4. Instantonic Particles and Non-Simply Laced Gauge Groups: Instantons in D = 5 are identified as particles carrying conserved charges linked to instanton number from four-dimensional perspectives. Moreover, the paper entertains discussions around the emergence of non-simply laced gauge groups in D = 5 through twisted boundary conditions, providing a field-theoretic pathway influenced by arguments in string theory.

Implications and Speculations

The theoretical implications of these findings are manifold. If the proposal that D = 5 MSYM is perturbatively finite holds, this could suggest that (2,0) theory, previously defined in the field of M-theory and lacking a concrete action description, might be more inherently understood through its D = 5 incarnation. Further, this would indicate a potential for using D = 5 MSYM to explore the nonperturbative structure of (2,0) theory, particularly when considering ultraviolet (UV) completions.

Practically, while the exact nonperturbative completion remains to be determined, the hypotheses presented provide a fertile ground for future computational and conceptual exploration. Perhaps the most riveting speculation lies in the role of instantonic particles and whether they provide the necessary completion of the theory as self-contained solutions.

Conclusion

In summary, the paper effectively bridges several complex aspects of theoretical physics, offering conjectures that stimulate further inquiry into the nature of higher-dimensional quantum field theories and their interrelations via compactification.

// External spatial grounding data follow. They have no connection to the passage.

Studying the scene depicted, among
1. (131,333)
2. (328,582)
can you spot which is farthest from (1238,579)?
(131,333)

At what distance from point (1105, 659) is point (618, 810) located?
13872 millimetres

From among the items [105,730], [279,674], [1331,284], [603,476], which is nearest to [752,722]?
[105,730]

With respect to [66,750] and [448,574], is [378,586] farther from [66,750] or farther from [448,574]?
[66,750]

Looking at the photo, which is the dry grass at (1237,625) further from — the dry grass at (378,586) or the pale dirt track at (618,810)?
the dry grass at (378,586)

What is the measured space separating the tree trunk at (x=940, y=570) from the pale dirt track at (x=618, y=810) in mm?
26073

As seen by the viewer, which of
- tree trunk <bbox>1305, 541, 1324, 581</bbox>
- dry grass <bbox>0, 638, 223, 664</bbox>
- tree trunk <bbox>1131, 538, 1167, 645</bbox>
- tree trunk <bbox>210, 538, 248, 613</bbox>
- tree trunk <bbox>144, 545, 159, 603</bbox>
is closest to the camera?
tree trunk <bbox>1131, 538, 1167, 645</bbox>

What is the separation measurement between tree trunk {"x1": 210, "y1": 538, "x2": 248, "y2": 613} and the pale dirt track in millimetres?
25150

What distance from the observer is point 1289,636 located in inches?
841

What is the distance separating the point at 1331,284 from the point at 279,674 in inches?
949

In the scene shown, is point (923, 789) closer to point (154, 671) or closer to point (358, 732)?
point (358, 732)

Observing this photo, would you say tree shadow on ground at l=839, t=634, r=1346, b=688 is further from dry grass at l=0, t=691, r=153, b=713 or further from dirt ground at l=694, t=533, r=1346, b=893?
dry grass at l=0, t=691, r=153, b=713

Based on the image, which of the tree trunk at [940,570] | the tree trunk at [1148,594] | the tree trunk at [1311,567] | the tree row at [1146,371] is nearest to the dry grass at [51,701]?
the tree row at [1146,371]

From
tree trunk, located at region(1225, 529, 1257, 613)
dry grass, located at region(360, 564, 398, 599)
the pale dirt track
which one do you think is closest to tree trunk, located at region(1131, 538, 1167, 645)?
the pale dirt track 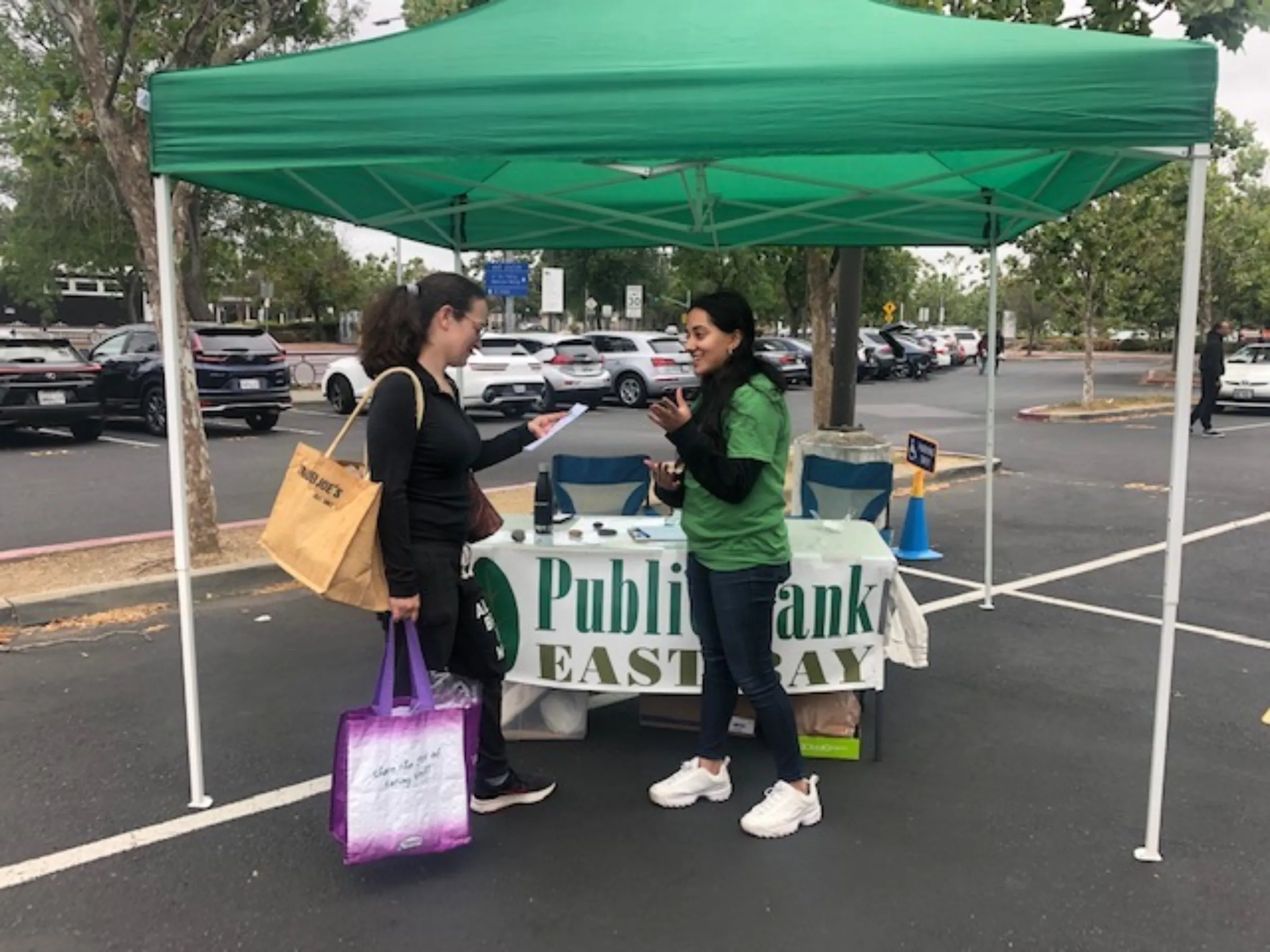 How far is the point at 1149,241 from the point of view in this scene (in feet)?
72.9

The tantalizing notion that D = 5 MSYM may capture all (2,0) degrees of freedom redefines the scope of perturbative and nonperturbative analysis, encouraging deeper investigation into dualities and the fundamental architecture of supersymmetric theories. Future developments, possibly informed by enhanced computational capabilities or novel theoretical insights, could validate or refine the propositions laid out, potentially impacting our understanding of quantum field theories at a structural level.